Image, Identity, Attribution, Authorship
We can say that a photographer owns her images, in the same way that an author owns her words. (The shorthand for this ownership is copyright.)
However, we should not conclude that the photographer has rights to her subjects, legally or morally, in the same way that an author has rights to her ideas. The reason that a photographer cannot make claims upon her subjects is that her work crosses that boundary between persons, and persons have their own rights which must be considered.
We are not so ignorant as to say that a photograph will steal our soul, and yet we are dimly aware of a danger in pictures of our faces or bodies, as if something can be taken from us, and get away, to who knows what end. We know there could be a “cost” to each photograph that is taken.
Photography did not always enjoy the protections of copyright. The argument went that manipulating a machine (in this case, a camera), did not count as a creative act.
Eventually, the question of whether making a photograph rose to the level of authorship was settled by the courts, in the affirmative. Photographers are the authors of their creations and thus own the copyright.

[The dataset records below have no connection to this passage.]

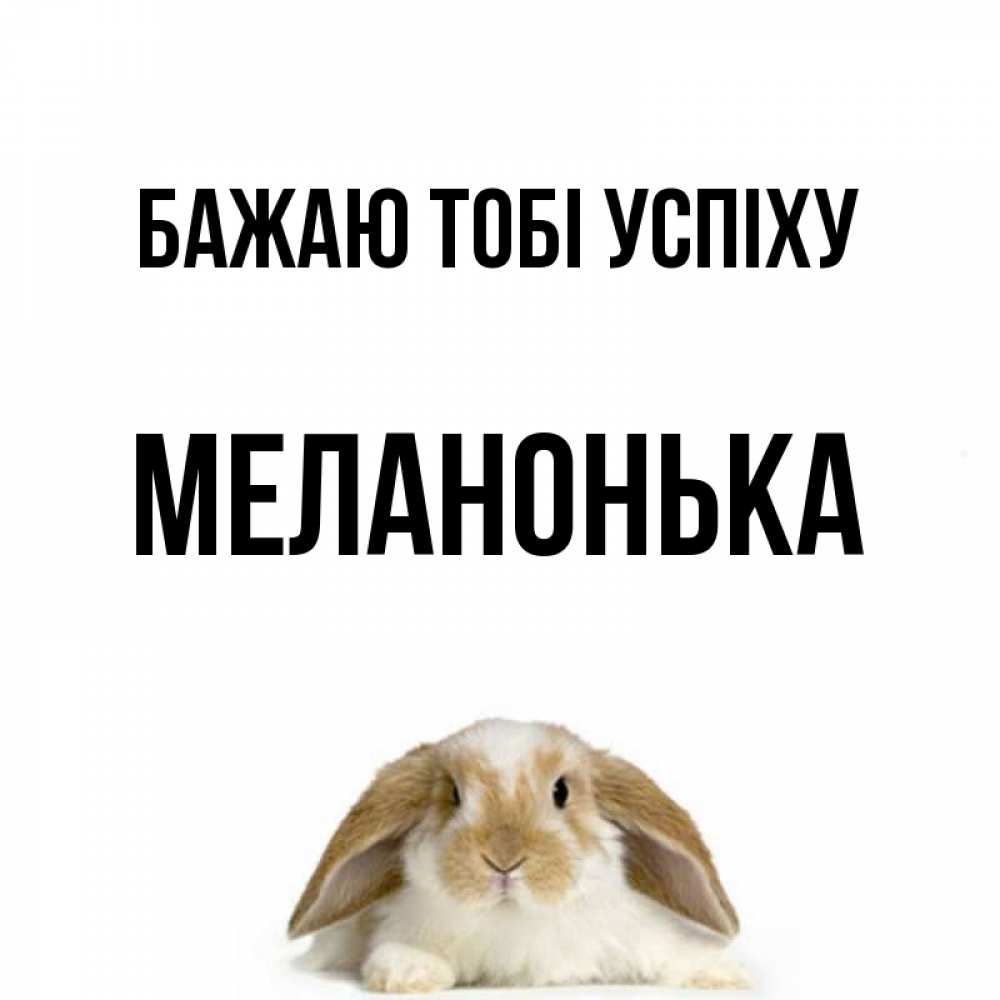 Открытка на каждый день з підписом, Меланонька Бажаю тобі успіху открытки с произвольным текстом который можно вставить в открытку и создать ее самостоятельно бесплатно онлайн Прикольна листівка з побажанням онлайн скачати безкоштовно 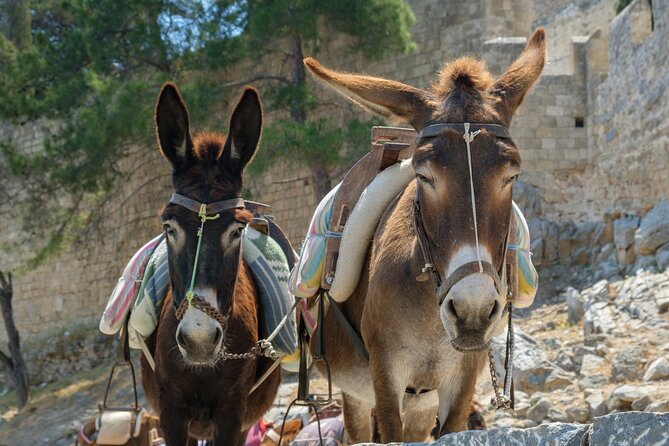 Rhodes Self Drive 4x4 Offroad Adventure With Gourmet Lunch - Cancellation and Reservation Policy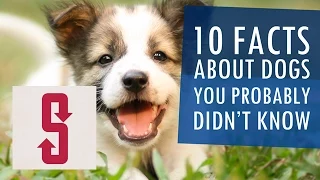 10 Facts About Dogs You Probably Didn’t Know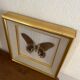 Naturalized butterfly frame, papilio rumanzovia Nelle Guinea.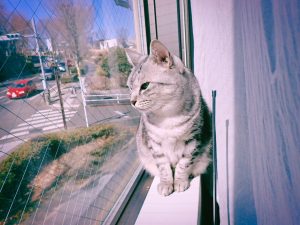 朧に過ごす日曜日、20250223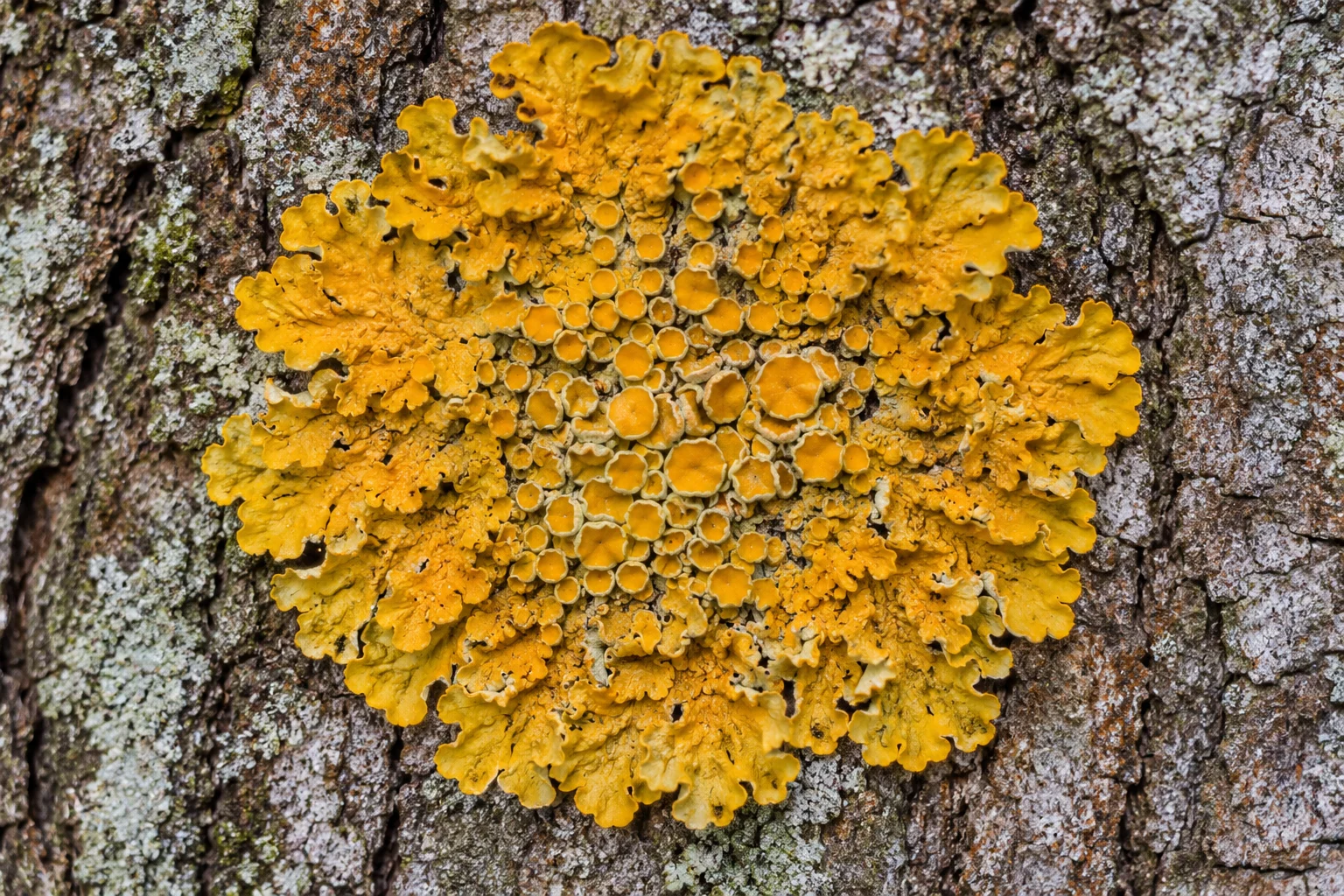 Common orange lichen study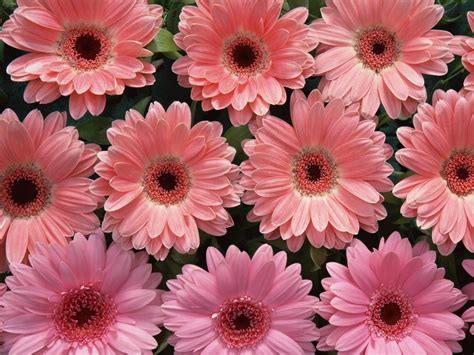 Pink Flowers Wallpapers:wallpapers screensavers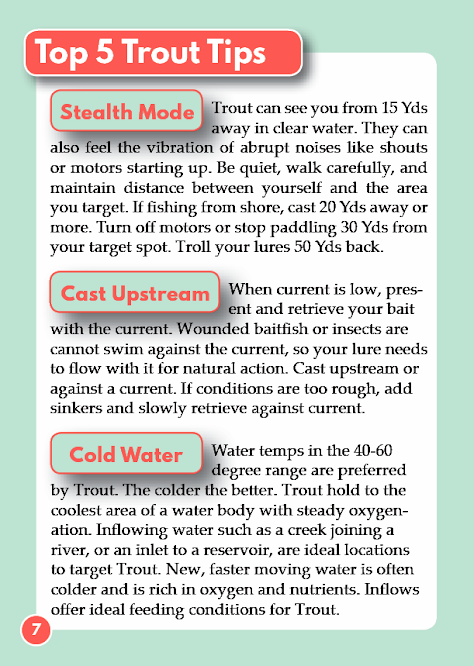Top 5 Trout Tips
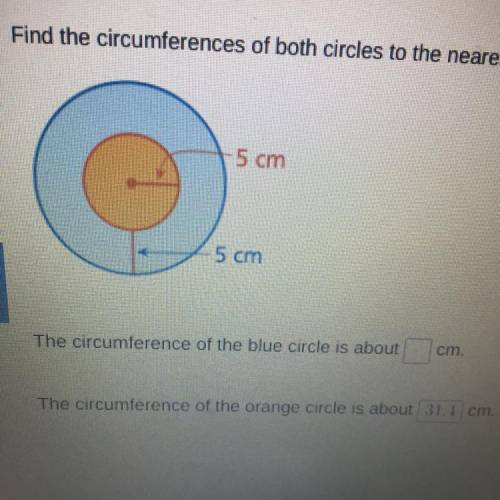 What is the circumference of the blue circle?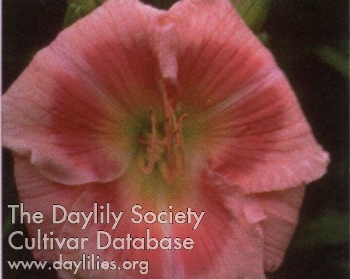 Daylily Donnie Delight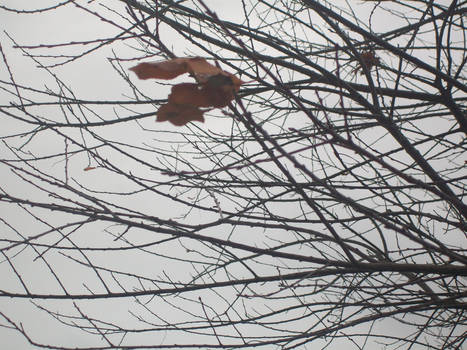 All alone on a bare branch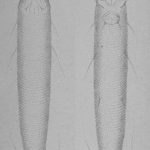 Pflaumengallmilbe (Eriophyes similis) – historische Zeichnung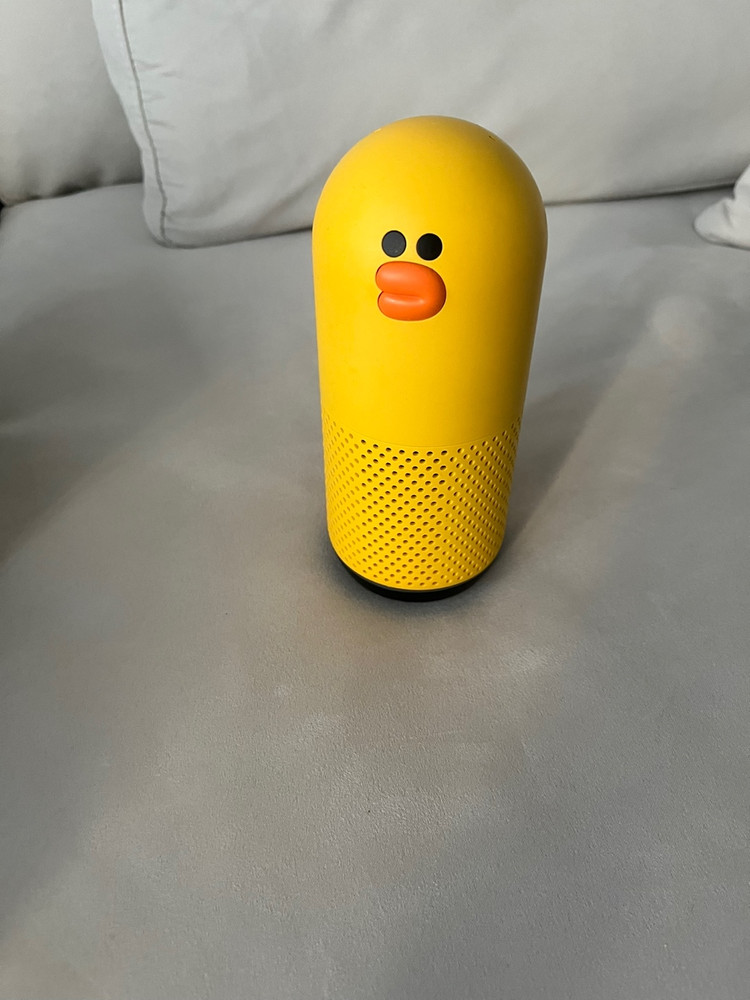 [개인]네이버클로바AI 스피커 프렌즈+ 샐리 캐릭터 박풀제품 판매합니다. 이미지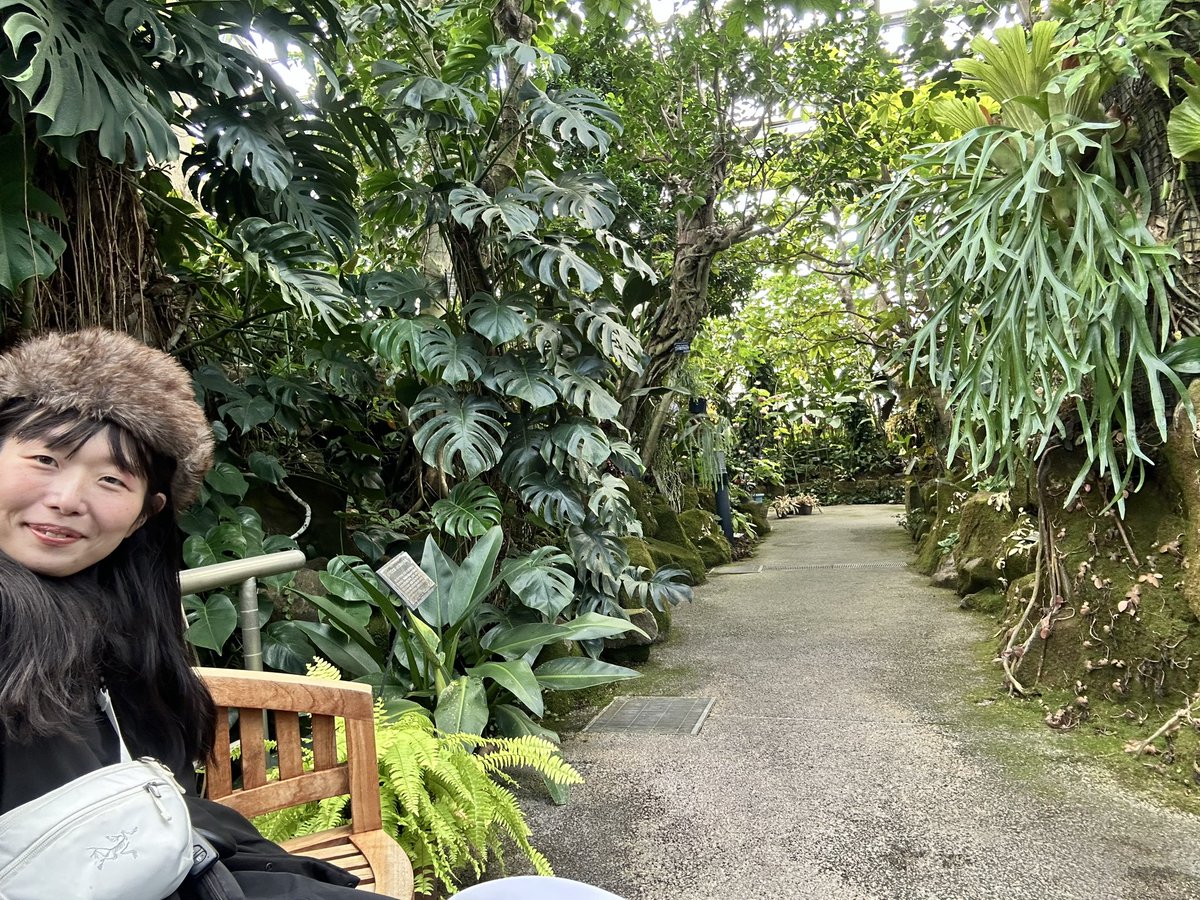 salanu21's tweet photo. 朝から植物園 癒される https://t.co/B4kKlxWfkD
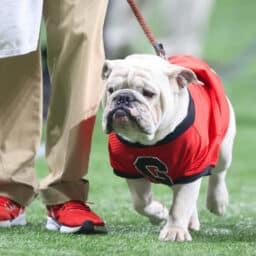 College Football Bowl Picks and Bets for December 30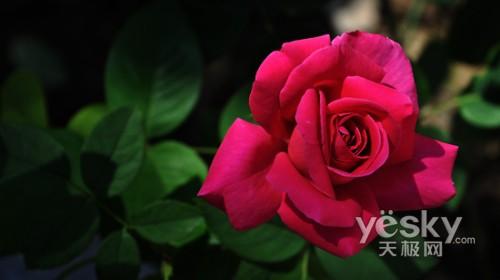 中端单反新标竿尼康单反D90评测解析(19)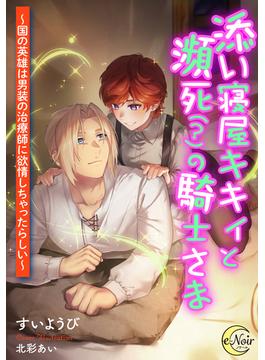 添い寝屋キキィと瀕死（？）の騎士さま　～国の英雄は男装の治療師に欲情しちゃったらしい～(e-ノワール)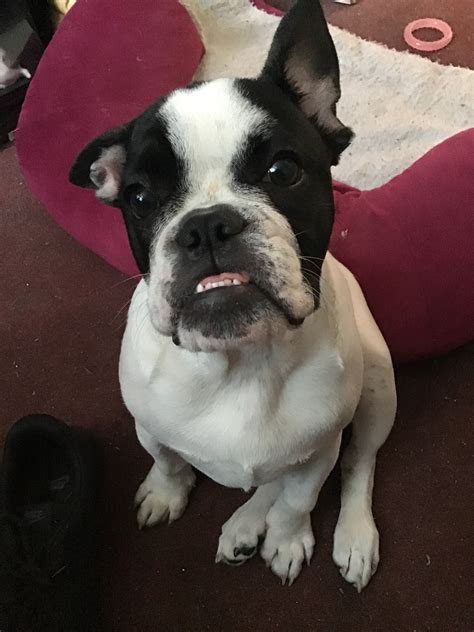 french bulldog boston terrier updated  collectibulldogscom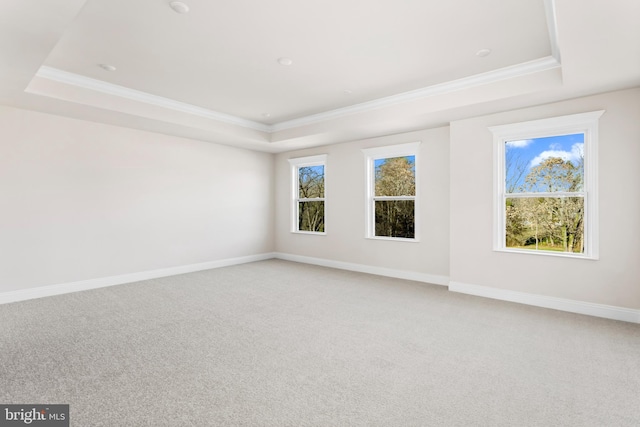 121 Lillian Ct, Fredericksburg, VA 22406 - unfurnished room featuring a tray ceiling, ornamental molding, light colored carpet, and recessed lighting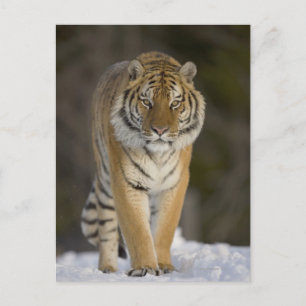 Gefangene, Duluth, Minnesota, USA Postkarte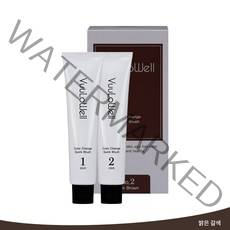 1분 셀프 새치 염색 뷰로웰 퀵 염색약 (전체 염색 갈색)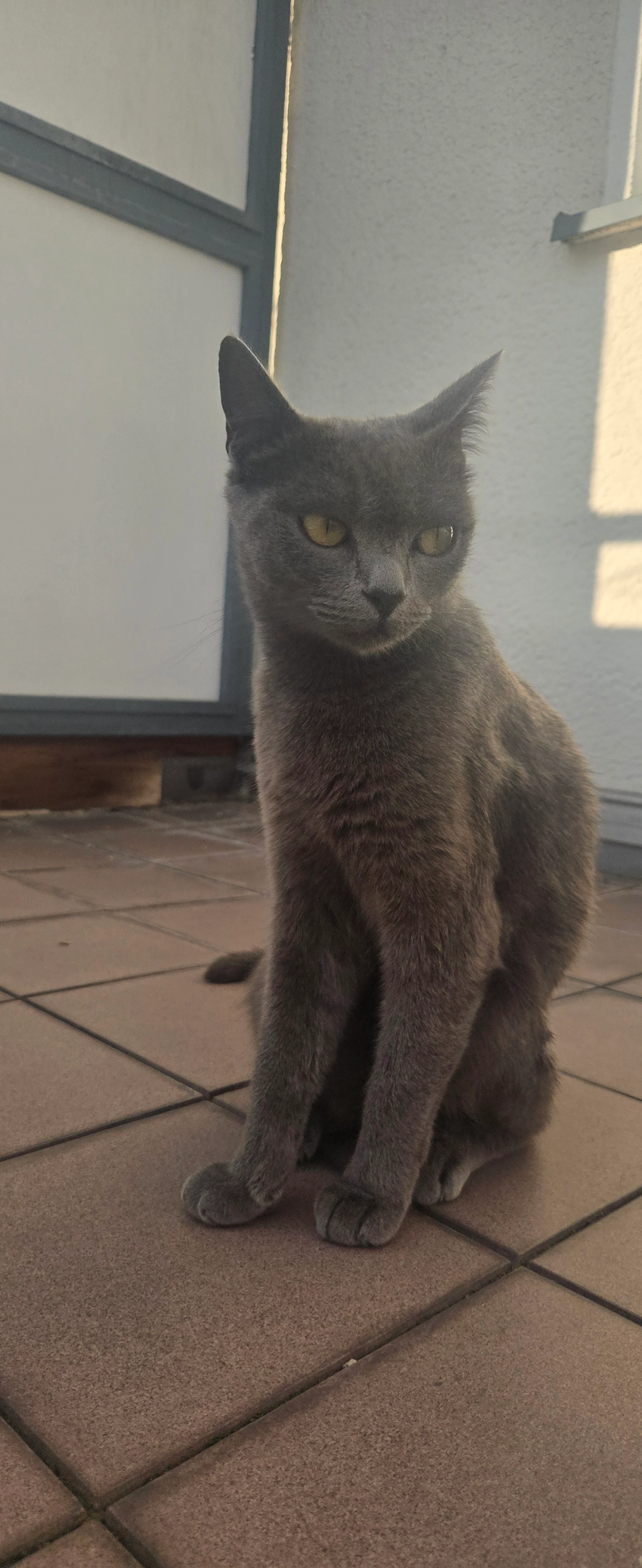 Zilli - Wolbeckstraße, Essen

That photographs are protected by copyright also means that a photographer is free to release her work under a free license that allows others to use, reproduce, modify, and learn from her creations. The minimal requirement to re-use a freely licensed photograph is the simple gesture of giving credit or attribution to the photographer, in the manner she specifies.
Free licenses apply to a photographer’s rights as an author, and your rights as a user. However, they are silent on the legal and moral rights of the subjects of our photographs, which we might understand as the right of publicity.
In order to secure this additional right, the photographer must ask something of her subject.
The subject must consent not only to the photographer’s use of his image, and to others’ re-use and modifications of his image; he must also permit his name and identity to be associated with his image. That is the “cost” of the “freedom” of his picture. He lets a fragment of his soul escape out into the world, forever.